Industrial policy has been given life again since Prime Minister Theresa May took on the mantle of the UK’s post-Brexit vote Prime Minister. “We need a proper industrial strategy that focuses on improving productivity, rewarding hard-working people with higher wages and creating more opportunities for young people so that, whatever their background, they go as far as their talents will take them,” she said ahead of her first cabinet meeting in August. And Greg Clark was duly elevated to the new position of Secretary of State for Business, Energy and Industrial Strategy (BEIS).

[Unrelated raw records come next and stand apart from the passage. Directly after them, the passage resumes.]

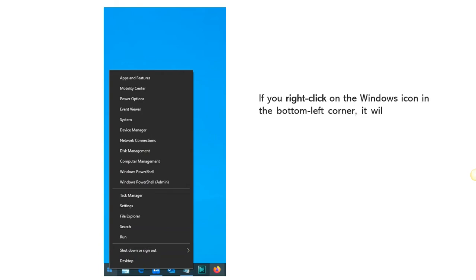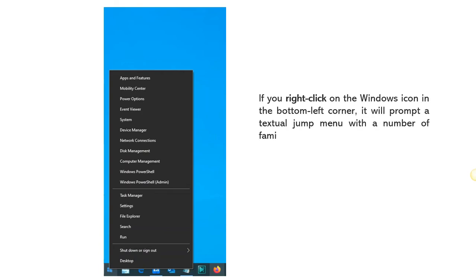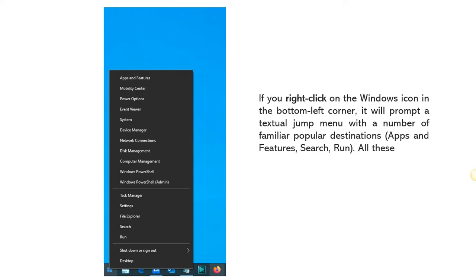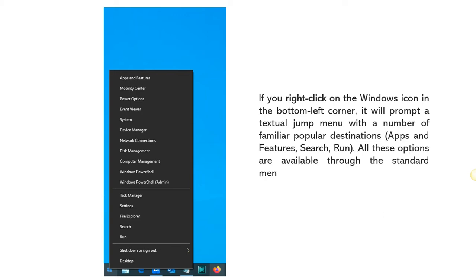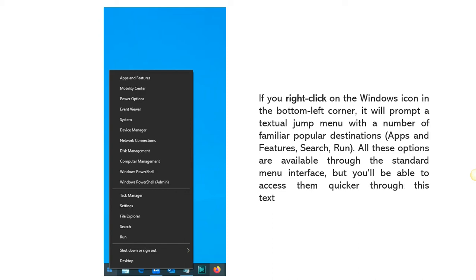If you right-click on the Windows icon in the bottom left corner, it will prompt a textual jump menu with a number of familiar popular destinations — apps and features, search, run. All these options are available through the standard menu interface, but you'll be able to access them quicker through this textual interface.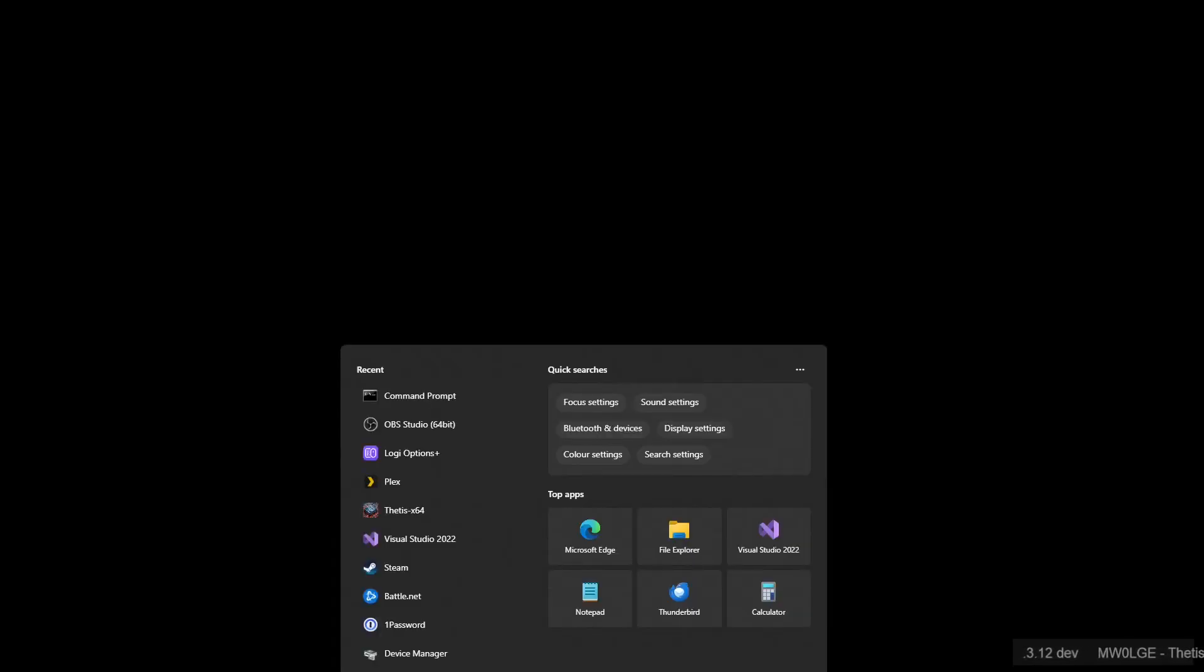Okay, this is going to be a very quick video to show you how to use separate data folders for Thetis if you want to run multiple pieces of hardware.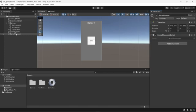Now when you click on the game-manager object you can see that it has a script attached, also named game-manager, and we can see that there is pretty much nothing happening.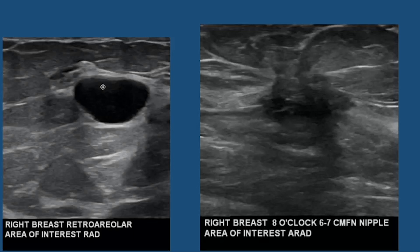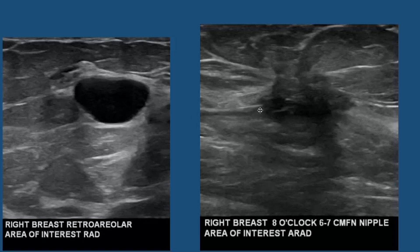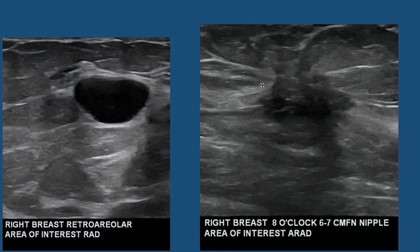A simple cyst is a fluid-filled area. It is benign — not a cancer. It is typically black in the center on ultrasound and has pencil-thin margins. Deeper in the breast, at approximately the 8 o'clock position in the area of the more deep mammogram finding, we see an irregular, hypoechoic mass. The margins are not as well-defined — I cannot trace a pencil and define the wall as I can with the simple cyst.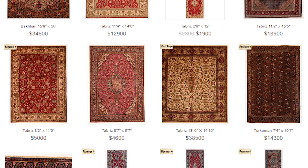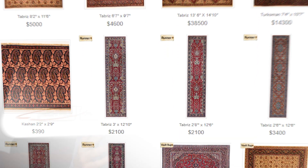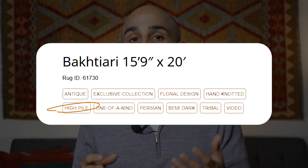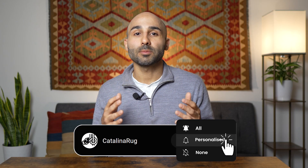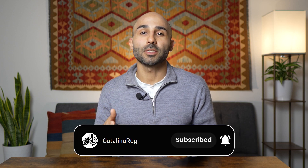That concludes our video on pile thickness for Persian and Oriental rugs. I hope you now have a deeper understanding of pile thickness. I invite you to check out our site at catalinarug.com, where you can filter results by pile thickness and view pile thickness values for every rug in our inventory. Also check out our YouTube playlist on the different types of Persian and Oriental rugs to get familiar with the distinct characteristics of each kind. Don't forget to like, subscribe, and comment below — I'll see you in the next video.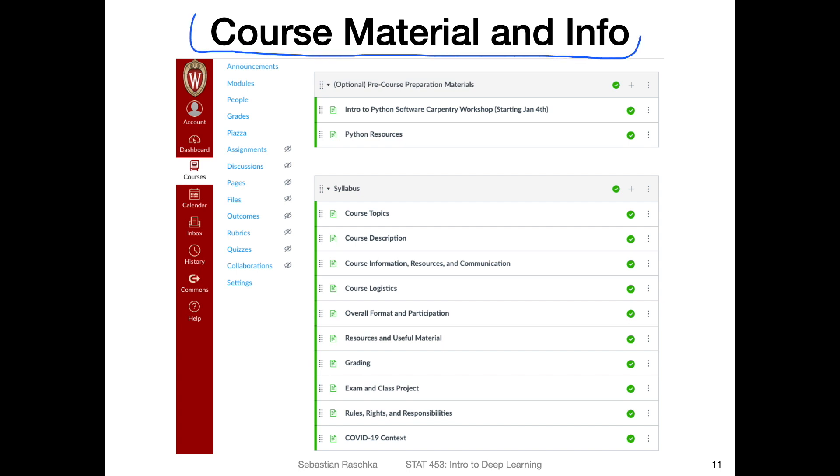Regarding the course material and information, we will be using Canvas in the semester. The reason is really that it makes things easier for me and for you, because everything will be in one place. That means announcements and your grades.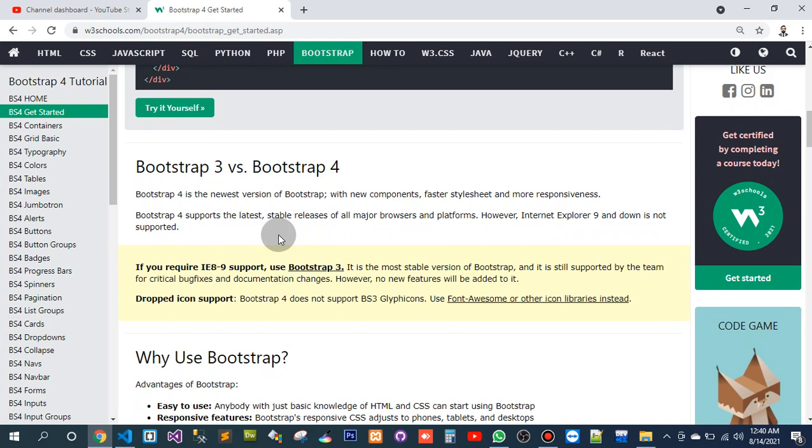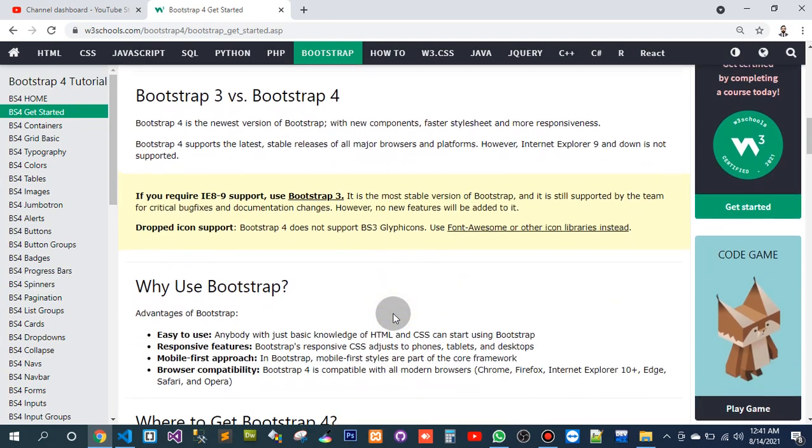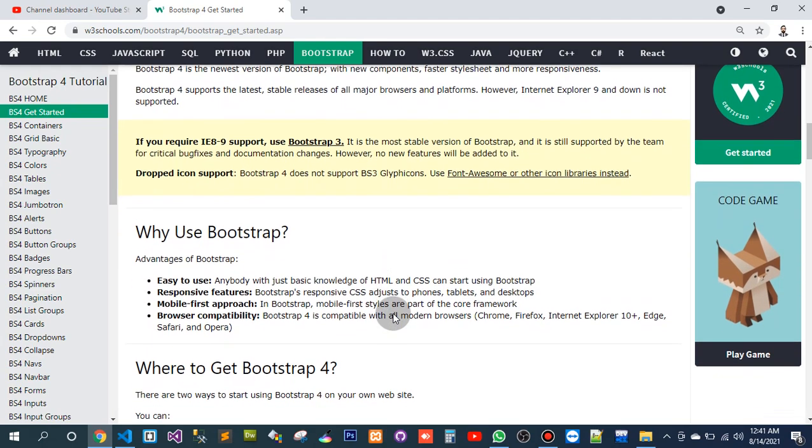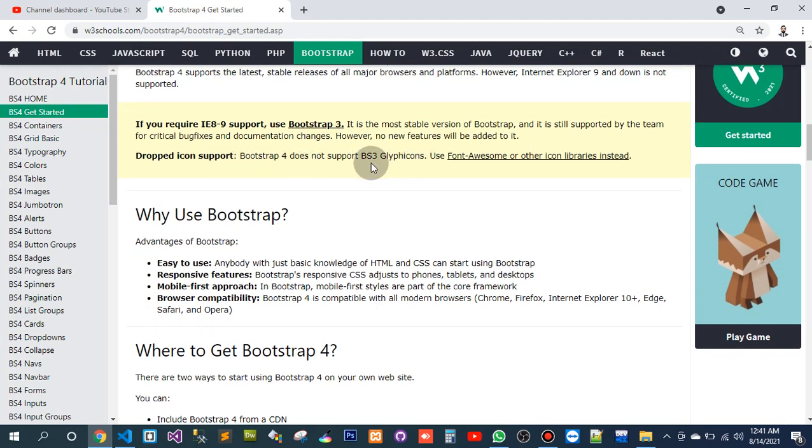Glyphicon support - Bootstrap 4 does not support Glyphicons. Bootstrap 3 includes Glyphicons. Use Font Awesome or other icon libraries instead.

The image is clearly one of a more interventionist approach, often taken as code for government direction, cash support or even nationalisation.

Machinery, December 2016 - various Prime Ministers have operated an industrial strategy

As seasoned observers have noted, it is some 30 years since Margaret Thatcher (Conservative PM from 1979-1990) moved the country away from such an approach, which was very much focused on the manufacturing sector (well in excess of 20% of GDP in 1980; it’s 10% now). Such an interventionist line was born in 1962, under Harold Macmillan’s Conservative government and when manufacturing was in excess of 30% of GDP, with the establishment of the National Economic Development Council (NEDC). Harold Wilson’s Labour government (1964-70) took on with gusto this so-called corporatist approach and, after a brief Conservative interlude under Edward Heath during which we entered the European Economic Community (now the EU), Labour returned to power from 1974 until 1979, adopting an interventionist, nationalisation agenda.

During the 1980s, grants were still handed out during the Conservative administration’s time (the Flexible Manufacturing System [FMS] grant was one – Yamazaki Mazak was a beneficiary), while the then Department of Trade and Industry (DTI – BEIS forerunner) also backed various industrial projects with cash. Attracting new industry via inward investment was also a key strategy, which today most agree saved the UK’s car industry.

But the direction of travel was away from cash hand-outs and direct intervention, and more towards offering advice, the free market and privatisation, and it was Thatcher’s successor, John Major, who finally killed off 1962’s NEDC, in 1992. A final end to “picking winners”, as corporatist intervention is described; a notorious example of which is the ‘rescue’ of British Leyland by Labour during its 1974-1979 administration, although, in a positive example, it was Ted Heath’s Conservative government (1970-1974) that rescued (nationalised) aero-engine maker Rolls-Royce in 1971.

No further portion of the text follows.